Já o PLP 257, para o alongamento da dívida dos estados e do Distrito Federal com a União, restringe a expansão do serviço público, mas não mexe nos costumeiros aditivos de contratos com empresas fornecedoras ao estado e empreiteiras de obras públicas, cujos preços muitas vezes triplicam ao final dos serviços, e nem impõe limite às despesas financeiras, além de confessar que tudo o que a União receber dos estados e DF irá para o pagamento dos juros e amortização da dívida pública. Porém, em nada endurece o combate à grave sonegação.

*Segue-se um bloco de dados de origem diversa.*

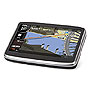 GPS-��������� Explay PN-930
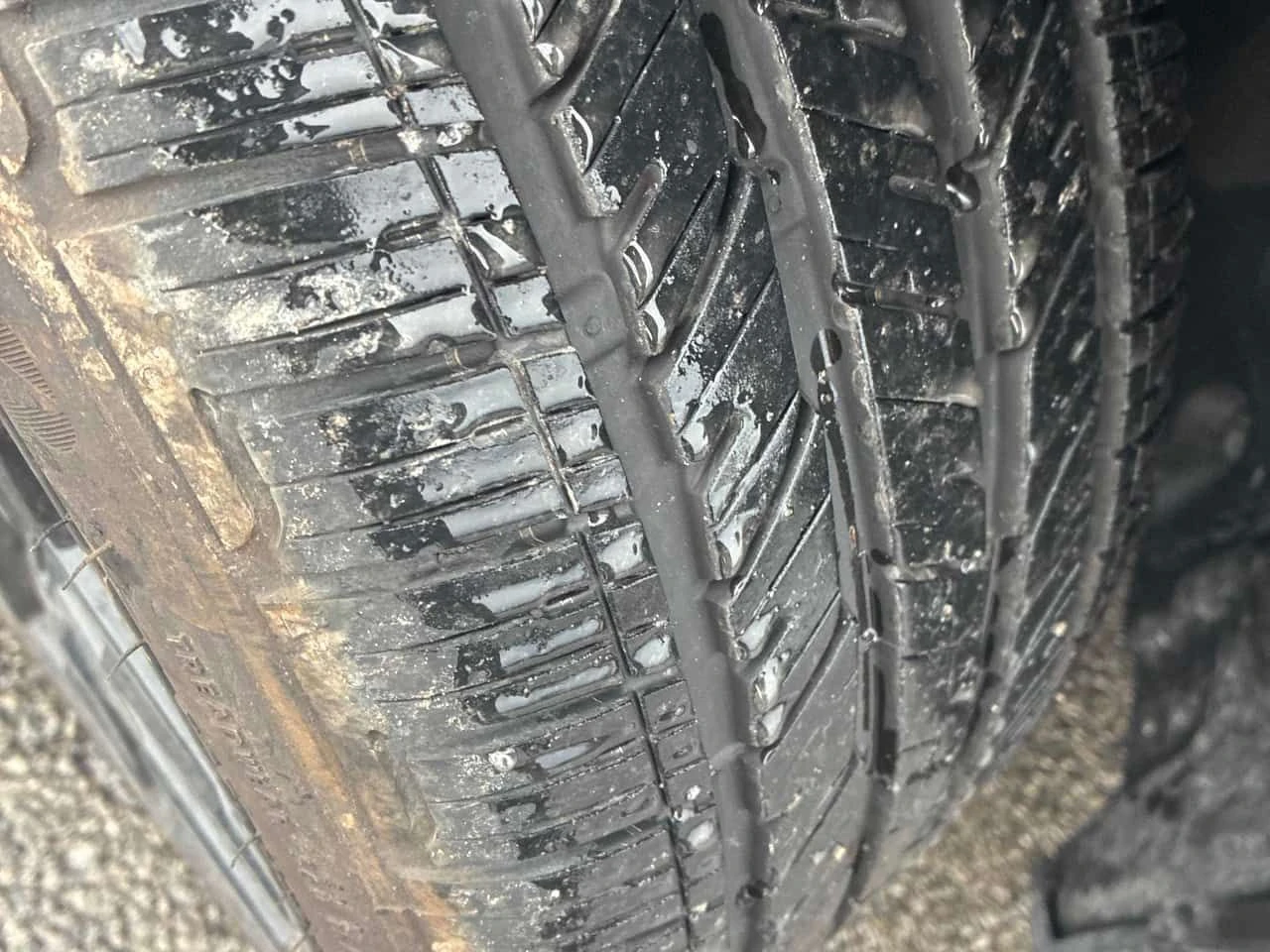 BMW 340 Harman Kardon/360/PANO/NAVI/CARFAX/, снимка 14 - Автомобили и джипове - 53868282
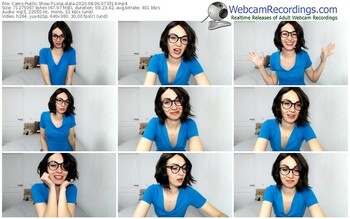 cams-lolalolala-webcam-show-08_06_2020-07_33_14
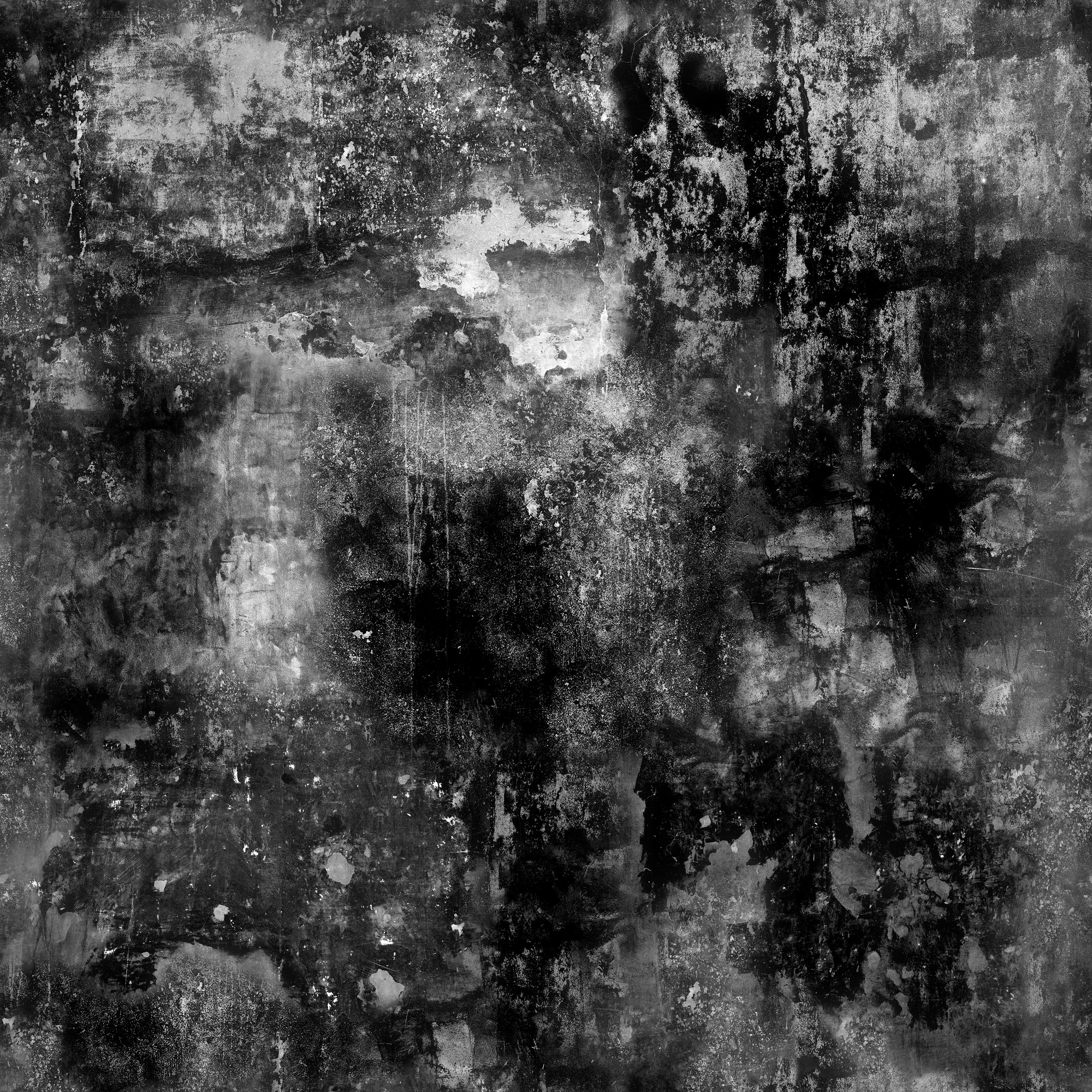 grunge fullframe random distribution 036 — Descargar
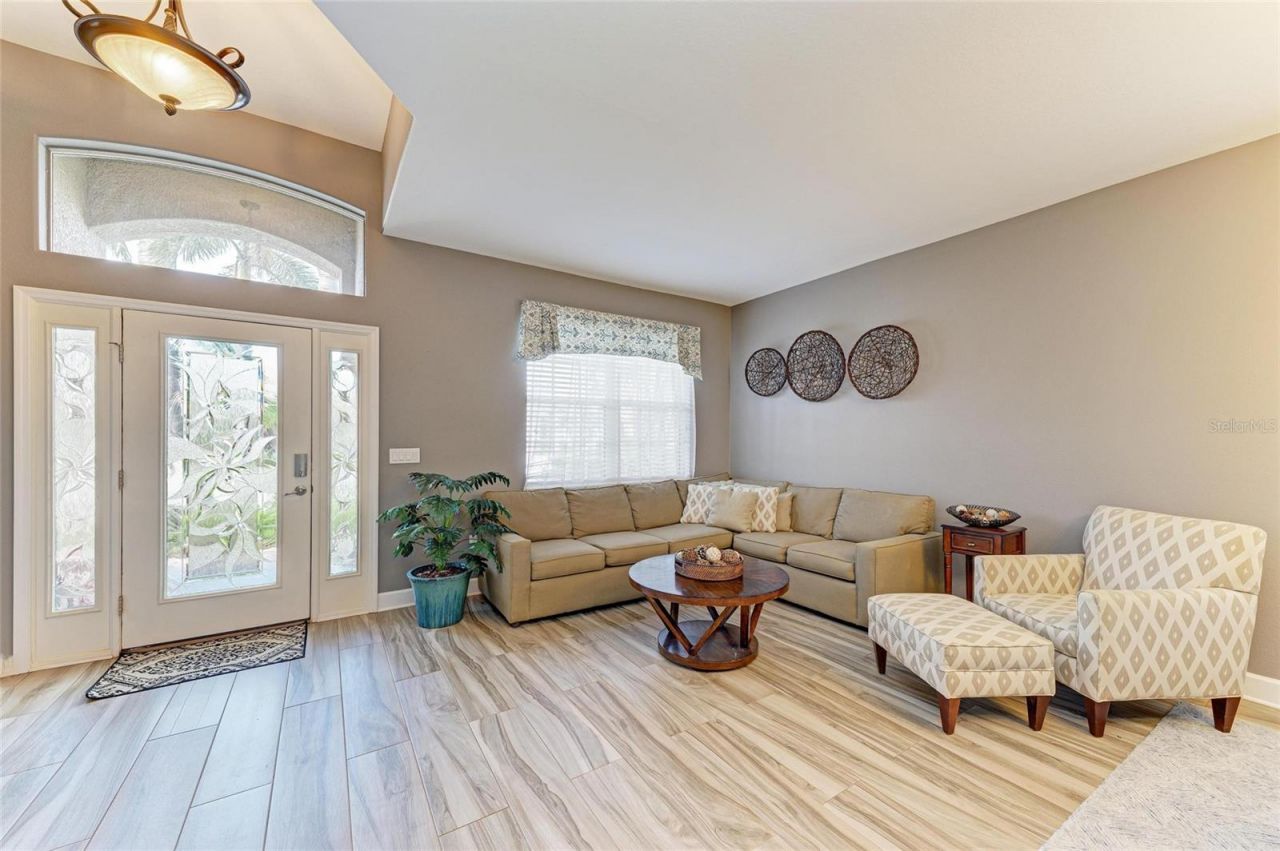 135 River Enclave Court, Bradenton, FL 34212 Photo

Ora, se em ambas as medidas o foco é a redução do déficit, sabe-se que a maior despesa pública não é com saúde e educação ou com o pessoal civil e militar da União, cujo peso, como proporção da receita corrente líquida, está abaixo da metade do limite, segundo a Lei de Responsabilidade Fiscal. Basta conferir o Boletim Estatístico de Pessoal na página do Ministério do Planejamento, acessível em “publicações”. A maior despesa é com juros e amortização da dívida pública, 42,43% do tesouro nacional em 2015, segundo a Auditoria Cidadã da Dívida Pública, www.auditoriacidada.org.br. E por que essa despesa e sua formação não são atingidas com o PLP 257 nem com a PEC 241? Por que então, para enfrentar o desequilíbrio entre receitas e despesas, Temer e Meirelles vão em direção contrária, propondo um pacote de ajuste que serve à acumulação do capital financeiro? São manipuladores de números, mas sabem muito bem o que querem. Por fora falam em ajuste para o crescimento. Por dentro, na prática, são medidas contra o desenvolvimento do país e o enfrentamento da desigualdade nacional e regional, nada de efetivo contra as reais causas do déficit.